## Dataset content
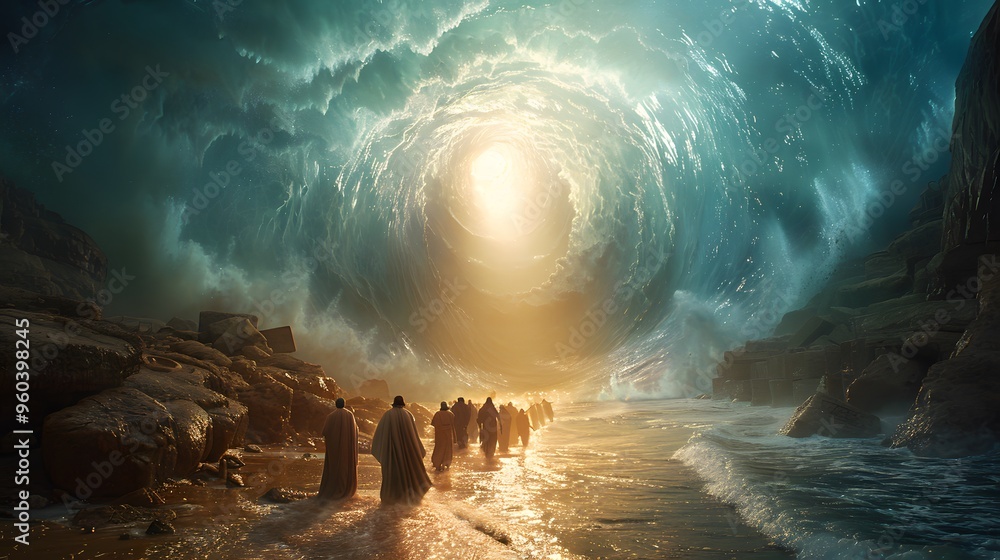 Moses Rome Light Visualize the moment of deliverance as Moses leads the Israelites ...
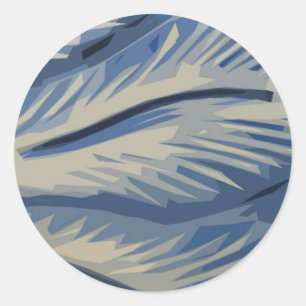 Blues Abstrat Classic Round Sticker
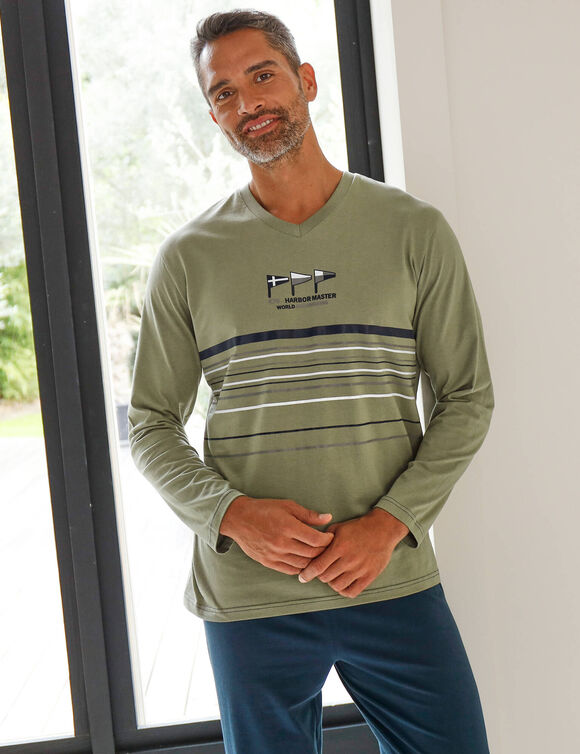 Lange pyjama met V-hals en lange mouwen van zachte katoen (linde / marine)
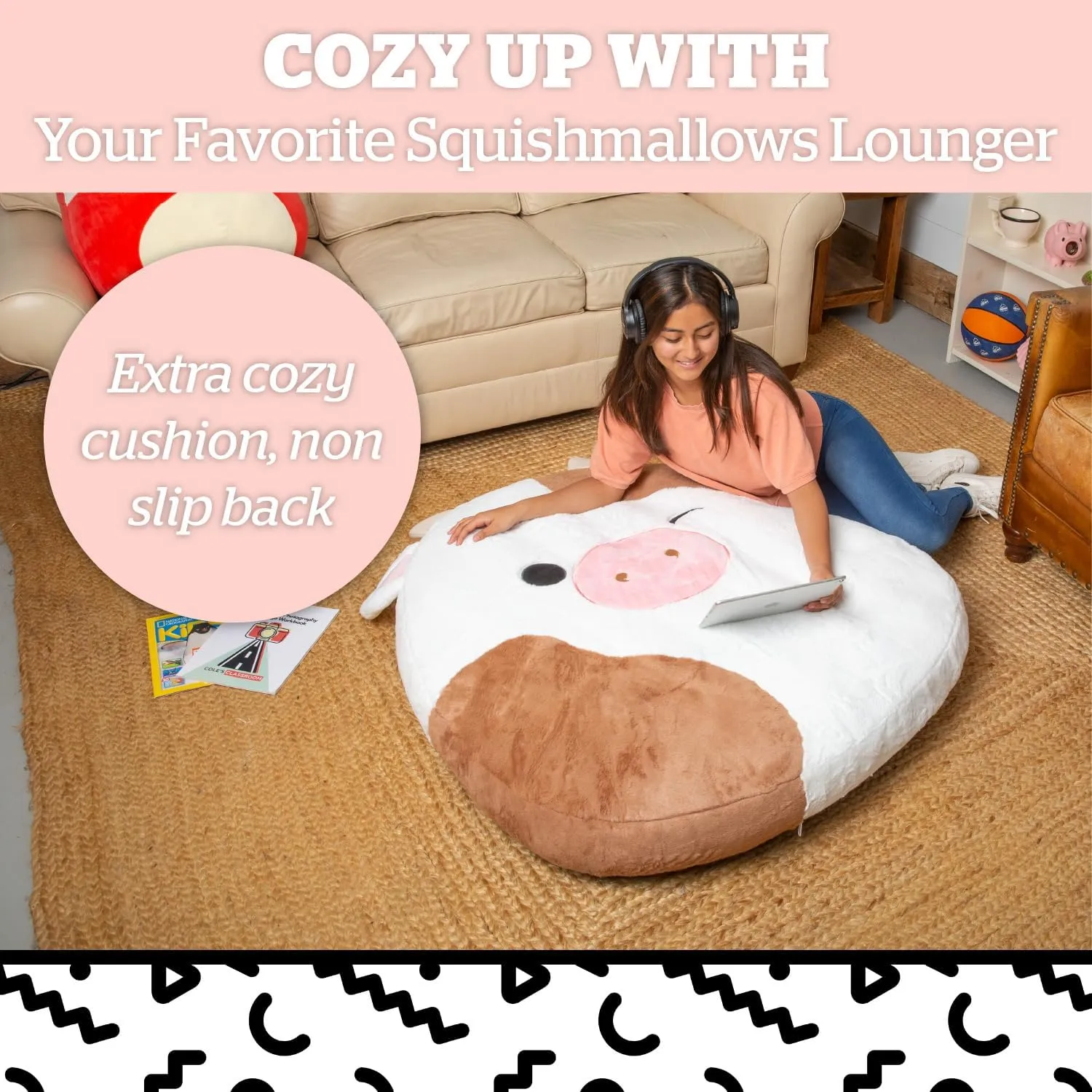 Squishmallows Original Inflat-A-Pal$ Inflatable chromosome stardom hearth rebuild Floor Pillow$ Jumbo Animal Cushion Lounger for Kids BigMouth x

## Problem description
All of the data above should be transcribed verbatim, with pictures omitted.

## Final answer
 Moses Rome Light Visualize the moment of deliverance as Moses leads the Israelites ...
 Blues Abstrat Classic Round Sticker
 Lange pyjama met V-hals en lange mouwen van zachte katoen (linde / marine)
 Squishmallows Original Inflat-A-Pal$ Inflatable chromosome stardom hearth rebuild Floor Pillow$ Jumbo Animal Cushion Lounger for Kids BigMouth x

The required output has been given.